Having obtained the topics described by their keywords representation, a consideration of shares of judgements from different courts departments assigned to the topics was conducted. Also, the appeals share for every single topic was calculated. First of all, the focus was on verifying whether the detected thematic groups, within which judgements were predominantly issued in departments with identical specialisation, are characterised by similar probability of appeal. This created a need for grouping the obtained thematic groups with respect to the departments where the judgements assigned to the topics originated.
As the well-established approaches for performing such division – clustering of cases with respect to departments shares and pairwise Pearson’s Chi2 tests (Pearson 1900) – did not provide any satisfactory results, basic descriptive statistics analysis was incorporated. The topics were divided in respect to the court departments of the biggest share. As a result, civil, criminal, labour, and family groups of topics were established. It is noteworthy that the judgements made in the civil and commercial departments were grouped together, i.e. as civil topics, as the rules of the division of cases between them are based primarily on the presence of entrepreneurs on both sides of the dispute.

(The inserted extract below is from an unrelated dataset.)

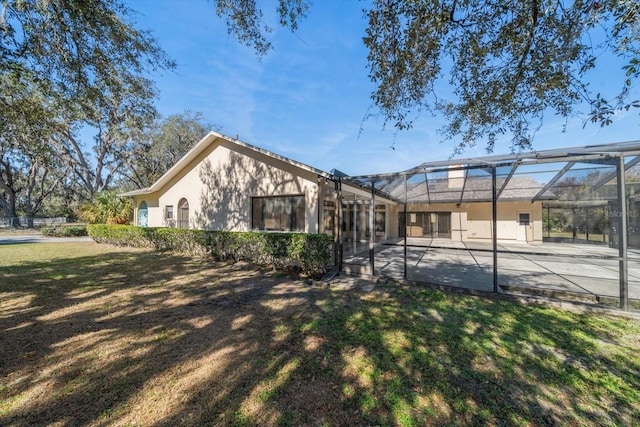 view of front of property featuring a lanai and a front lawn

Figure 1. Distributions of appeal share between the thematic groups of judgements.
Next, distributions of topics’ appeal shares between the groups were compared as presented in Figure 1 (all figures were generated with a Python programming language library named matplotlib). It is clearly visible that the appeal share distribution within criminal topics differs from the one within civil topics. Still, topics bound to mainly labour law and social insurance characterise themselves with an appeals share distribution similar to the civil ones. This seems to be due to the fact that labour law remains closely linked to civil law. In particular, the Polish Labour Code provides that, in matters not regulated therein, the provisions of the Civil Code shall apply accordingly, if they do not contradict the principles of labour law.
It was also formally tested if the presented distribution (see Figure 1) statistically differ from each other (see Table 2). The well-established Mann-Whitney (Mann & Whitney 1947) and Kruskal-Wallis (Kruskal & Wallis 1952) tests were applied. In a nutshell, these non-parametric statistical methods, here particularly useful due to the limited number of topics obtained, enable comparing two independent groups to verify if their distributions statistically differ from each other. Technically, both are based on calculation of sums of ranks per group. For both tests, hypotheses of dependence between civil and criminal law were rejected. This was also the case when comparing criminal and labour law topics. However, there was no statistically significant difference between civil and labour law topics’ appeal shares distributions. In other words, distributions of the probability of appeal in thematic groups of judgements do not statistically differ between civil and labour law groups of topics. Still, they do differ when comparing distribution of the values of interest in criminal topics with civil and labour law groups.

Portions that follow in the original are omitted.